• _WORK TO BE COMPLETED_:
The answer must be only the lines below from the one holding "Nhà bóng trẻ em siêu thị đồ ăn 995-7055A" down to the one holding "Rolex Certified Pre-Owned", ends included, printed exactly; please omit all pictures.

• _SUPPLIED DATA_:
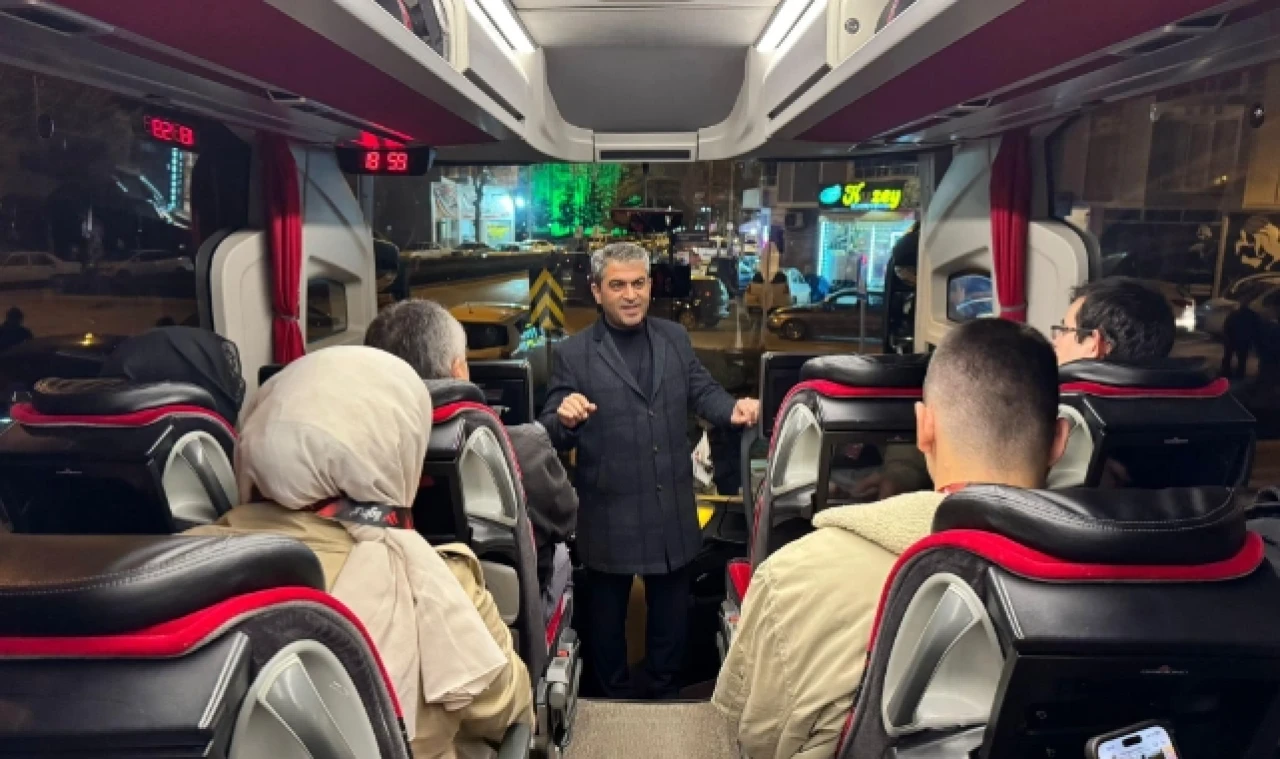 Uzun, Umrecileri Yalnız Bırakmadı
* * *
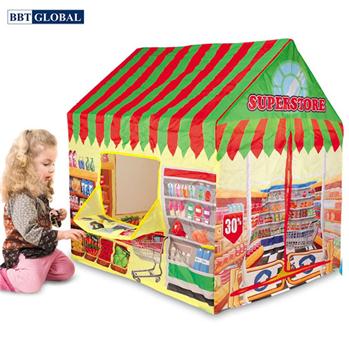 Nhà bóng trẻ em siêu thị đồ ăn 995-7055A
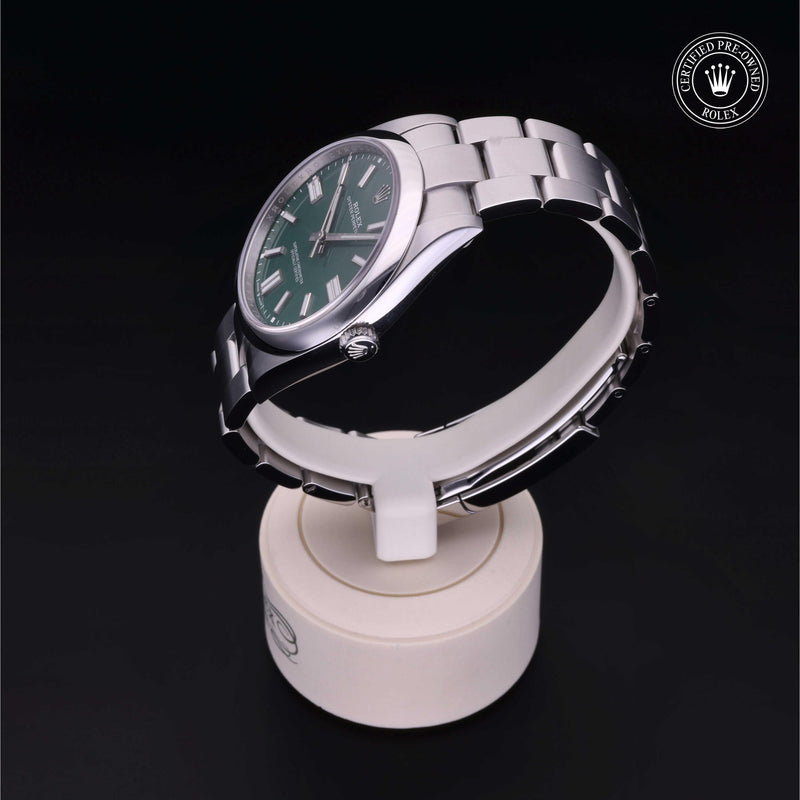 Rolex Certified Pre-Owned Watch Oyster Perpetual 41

• _ANSWER BOX_:
 Nhà bóng trẻ em siêu thị đồ ăn 995-7055A
 Rolex Certified Pre-Owned Watch Oyster Perpetual 41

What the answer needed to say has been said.